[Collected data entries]
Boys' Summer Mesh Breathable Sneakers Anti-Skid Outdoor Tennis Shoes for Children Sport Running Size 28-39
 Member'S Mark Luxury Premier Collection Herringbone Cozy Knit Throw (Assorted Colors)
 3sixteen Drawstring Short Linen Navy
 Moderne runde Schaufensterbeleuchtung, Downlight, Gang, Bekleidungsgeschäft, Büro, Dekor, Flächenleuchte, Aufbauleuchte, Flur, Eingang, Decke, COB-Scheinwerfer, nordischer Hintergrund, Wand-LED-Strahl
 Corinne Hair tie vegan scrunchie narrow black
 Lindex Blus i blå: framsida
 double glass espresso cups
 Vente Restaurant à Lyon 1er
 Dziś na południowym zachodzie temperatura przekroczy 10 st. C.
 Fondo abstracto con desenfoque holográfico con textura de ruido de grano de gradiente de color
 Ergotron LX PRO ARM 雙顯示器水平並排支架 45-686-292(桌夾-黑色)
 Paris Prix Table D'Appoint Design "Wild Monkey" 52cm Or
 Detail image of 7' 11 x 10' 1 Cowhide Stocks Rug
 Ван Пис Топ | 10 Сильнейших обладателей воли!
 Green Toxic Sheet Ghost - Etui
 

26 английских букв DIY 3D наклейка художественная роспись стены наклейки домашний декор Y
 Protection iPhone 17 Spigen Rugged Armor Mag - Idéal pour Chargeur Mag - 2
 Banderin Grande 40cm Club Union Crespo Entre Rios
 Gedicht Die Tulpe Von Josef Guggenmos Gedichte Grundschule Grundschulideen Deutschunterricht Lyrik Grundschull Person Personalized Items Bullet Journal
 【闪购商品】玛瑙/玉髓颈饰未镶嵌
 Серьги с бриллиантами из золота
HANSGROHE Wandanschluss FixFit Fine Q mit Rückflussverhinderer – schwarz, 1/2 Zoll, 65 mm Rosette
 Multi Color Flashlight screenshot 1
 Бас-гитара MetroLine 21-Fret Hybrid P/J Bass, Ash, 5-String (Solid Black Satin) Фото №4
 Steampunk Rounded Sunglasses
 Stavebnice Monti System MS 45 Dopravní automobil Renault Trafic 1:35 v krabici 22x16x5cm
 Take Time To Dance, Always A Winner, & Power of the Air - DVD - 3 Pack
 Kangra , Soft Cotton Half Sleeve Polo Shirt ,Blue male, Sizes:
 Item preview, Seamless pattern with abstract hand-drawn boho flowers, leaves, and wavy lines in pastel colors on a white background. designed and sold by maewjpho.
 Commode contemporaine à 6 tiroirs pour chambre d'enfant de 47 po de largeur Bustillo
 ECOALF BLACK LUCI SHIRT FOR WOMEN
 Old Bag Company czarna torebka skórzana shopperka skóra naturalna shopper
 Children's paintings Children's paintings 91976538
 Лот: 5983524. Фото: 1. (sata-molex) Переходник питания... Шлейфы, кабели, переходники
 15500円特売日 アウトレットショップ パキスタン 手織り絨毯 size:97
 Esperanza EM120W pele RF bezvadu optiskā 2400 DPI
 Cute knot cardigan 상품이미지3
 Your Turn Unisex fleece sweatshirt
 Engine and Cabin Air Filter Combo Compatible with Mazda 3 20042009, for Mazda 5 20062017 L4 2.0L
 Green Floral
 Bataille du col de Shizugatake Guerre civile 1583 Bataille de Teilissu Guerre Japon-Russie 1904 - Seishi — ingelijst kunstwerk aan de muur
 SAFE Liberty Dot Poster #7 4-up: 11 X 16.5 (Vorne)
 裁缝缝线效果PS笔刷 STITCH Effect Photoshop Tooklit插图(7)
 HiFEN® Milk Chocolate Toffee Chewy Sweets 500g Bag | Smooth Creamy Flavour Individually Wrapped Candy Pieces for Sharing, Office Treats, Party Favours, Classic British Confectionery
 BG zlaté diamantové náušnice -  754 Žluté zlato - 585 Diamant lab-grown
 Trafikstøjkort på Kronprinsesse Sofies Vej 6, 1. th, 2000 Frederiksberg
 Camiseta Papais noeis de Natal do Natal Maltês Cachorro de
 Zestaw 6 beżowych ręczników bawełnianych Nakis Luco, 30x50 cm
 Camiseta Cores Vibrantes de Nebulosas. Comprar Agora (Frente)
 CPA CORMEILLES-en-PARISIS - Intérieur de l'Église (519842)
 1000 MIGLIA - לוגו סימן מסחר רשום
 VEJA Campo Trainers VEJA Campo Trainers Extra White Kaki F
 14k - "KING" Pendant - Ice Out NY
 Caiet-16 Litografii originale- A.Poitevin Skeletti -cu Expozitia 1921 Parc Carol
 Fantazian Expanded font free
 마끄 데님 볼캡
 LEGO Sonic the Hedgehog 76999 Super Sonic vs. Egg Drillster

TASK DESCRIPTION: Within the data above, find the lines that contain the word "Children" and copy each of them.

YOUR SOLUTION:
Boys' Summer Mesh Breathable Sneakers Anti-Skid Outdoor Tennis Shoes for Children Sport Running Size 28-39
 Children's paintings Children's paintings 91976538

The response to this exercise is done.